(THE DAILY BEAST)
By Jonathan Alter
Could a 1934 Washington dinner party hold the key to Chief Justice John Roberts’ landmark decision on the Affordable Care Act?
In late 1934, President Franklin D. Roosevelt had been in office more than a year and decided to move forward on what would become his greatest domestic achievement: Social Security. He assigned his secretary of labor, Frances Perkins, the first woman ever to serve in the Cabinet, to lead the way on designing the program.
But Perkins was worried. The Supreme Court was moving toward a narrow interpretation of the Commerce Clause that would invalidate many of the great achievements of the New Deal.

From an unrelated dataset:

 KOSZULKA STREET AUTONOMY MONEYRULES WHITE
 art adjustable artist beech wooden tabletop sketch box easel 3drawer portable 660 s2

Soon that would include the National Recovery Act, the capstone of FDR’s famous First Hundred Days in 1933.
(It would be another four years before Justice Owen Roberts—no relation—would famously switch sides and the Court would begin reversing itself, partly in response to FDR’s 1937 “court packing” scheme.)
Perkins went to dinner at the home of someone lost to history and recalls in her memoirs that she bumped into Justice Harlan Fiske Stone there.
When Perkins expressed worry about whether an old-age and survivors insurance program would pass constitutional muster, Stone, a Republican appointee to the court and future chief justice, replied: “The taxing power of the federal government, my dear; the taxing power is sufficient for everything you want and need.”